One concludes global existence, uniqueness and continuous dependence on initial data.
This extends our results presented in an earlier research talk, where the special case of spatially compact spacetimes was considered. The statement is shown for smooth and distributional initial data of arbitrary Sobolev regularity. As an application, we give examples of spacetimes with arbitrarily irregular (non-gauge) solutions to the linearised Einstein equation. |
| 03.11.16 | On the construction of the Green operators and of the ground state for a massive scalar field theory in AdS | Claudio Dappiaggi | We consider a real, massive scalar field on the Poincaré domain of the (d+1)-dimensional AdS spacetime. Since the background is not globally hyperbolic, first we determine all admissible boundary conditions that can be applied on the conformal boundary and, subsequently, we address the problem of constructing the advanced and retarded Green operators as well as the two-point function for the ground state satisfying those boundary conditions. We unveil that, in some cases, bound states exist, while, when they are absent, the two-point function can be explicitly written in terms of special functions. In addition, we investigate the singularities of the resulting state, showing that they are consistent with the requirement of being of Hadamard form in every globally hyperbolic subregion of the Poincaré patch. |
| 17.11.16 | Zeta Functions and Mass of Conformal Differential Operators | Matthias Ludewig | I will explain the relation between the Green’s function of a Laplace type operator and its zeta function. In particular, we will see that the constant term in the asymptotic expansion (which is often called the mass of the operator) is given by a zeta value. If the operator is conformally invariant, it is well-known that certain zeta values give rise to conformal invariants. In particular, we show that the mass is such an invariant in odd dimensions. |
| 15.12.16 | The geometry of semiclassical limits on regular Dirichlet spaces | Batu Güneysu | In this talk, I will first explain how one can reformulate the known semiclassical limit results for the heat trace of Schrödinger operators on Riemannian manifolds and infinite weighted graphs in a form which makes sense for abstract Schrödinger type operators on locally compact spaces. Then I will give a probabilistic proof of this reformulation in case the "free operator" stems from a regular Dirichlet form which satisfies a principle of not feeling the boundary. This abstract result leads to completely new results for Schrödinger operators on arbitrary complete Riemannian manifolds, and allows to recover the known results for weighted infinite graphs. |
| 12.01.17 | First variation of the mass of a closed Riemannian manifold | Andreas Hermann | Let (M,g) be a closed Riemannian manifold such that all eigenvalues of the conformal Laplace operator L_g are strictly positive and such that g is flat on an open neighborhood of a point p.

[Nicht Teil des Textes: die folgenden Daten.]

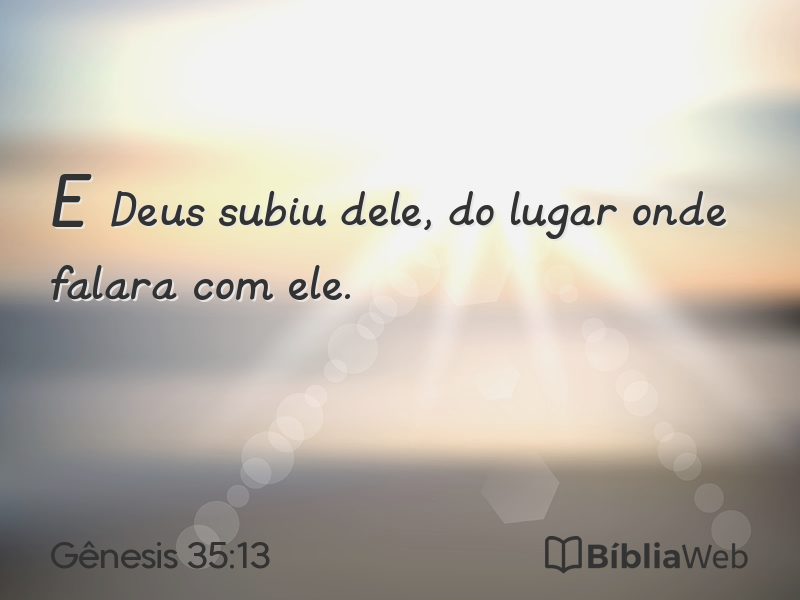 Gênesis 35:13 em imagem para compartilhar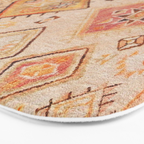 Traditional Oriental Desert Bohemian Moroccan Style  Bath Mat Gallery Image 3
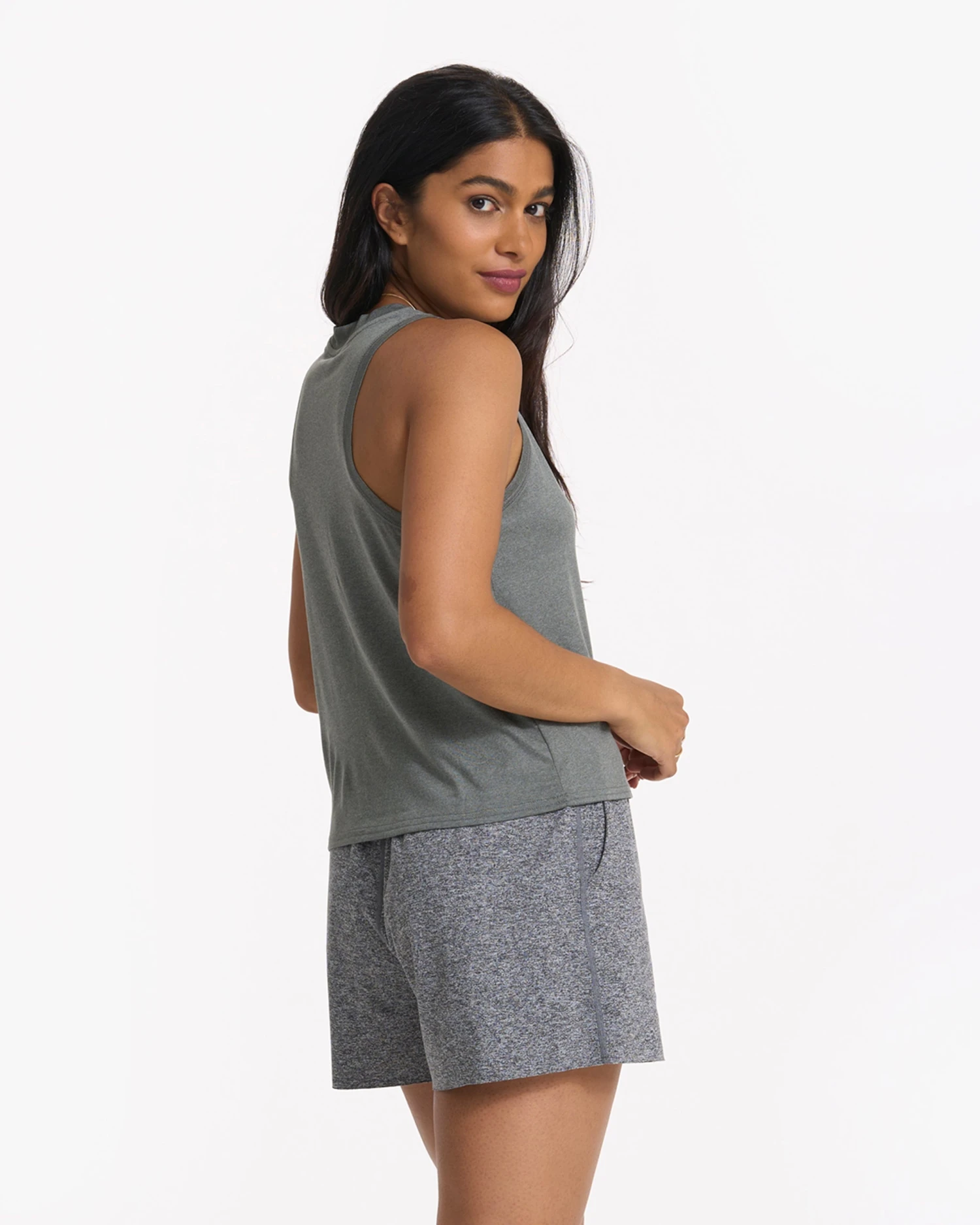 Energy Top | Dark Dusty Pine Heather - Image 2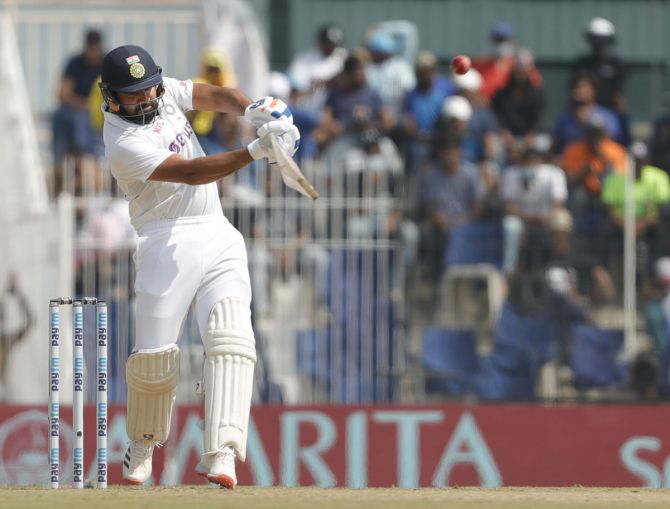 Rohit delighted the fans with his brilliant stroke-play in the morning session.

The constant term in the expansion of the Green function of L_g at p is called the mass of (M,g) at p. In this talk we investigate the dependence of the mass on the Riemannian metric. We compute the first variation of the mass with respect to a change of metric and we discuss critical points of the mass. This is joint work with Emmanuel Humbert. |
| 19.01.17 | Index of the Dirac Operator on Lorentzian Spacetime | Sebastian Hannes | We will prove Fredholm property of the Dirac operator on a globally hyperbolic spacetime under generalized APS boundary conditions and their deformations. Then we can derive relative index formulas for the involved operators. |
| 26.01.17 | Spectral flow and the Riesz stability of the Atiyah-Singer Dirac operator under bounded perturbations of local boundary conditions | Lashi Bandara | We study the Atiyah-Singer Dirac operator on smooth Riemannian Spin manifolds with smooth compact boundary. Under lower bounds on injectivity radius and bounds on the Ricci curvature and its first derivatives, we demonstrate that this operator is stable in the Riesz topology under bounded perturbations of local boundary conditions. Our work is motivated by the spectral flow and its connection to the Riesz topology. These results are obtained by obtaining similar results for a more wider class of elliptic first-order differential operators on vector bundles satisfying certain general curvature conditions. At the heart of our proofs lie methods from Calderón-Zygmund harmonic analysis coupled with the modern operator theory point of view developed in proof of the Kato square root conjecture. |
| 02.02.17 | Konforme Geodäten im Cartankalkül | Daniel Platt | Ein Cartan-Zusammenhang ist eine 1-Form, die dieselben Invarianzeigenschaften wie ein Hauptfaserbündel-Zusammenhang hat und zusätzlich einen absoluten Parallelismus (in eine geeignete Lie-Algebra) in jedem Punkt definiert.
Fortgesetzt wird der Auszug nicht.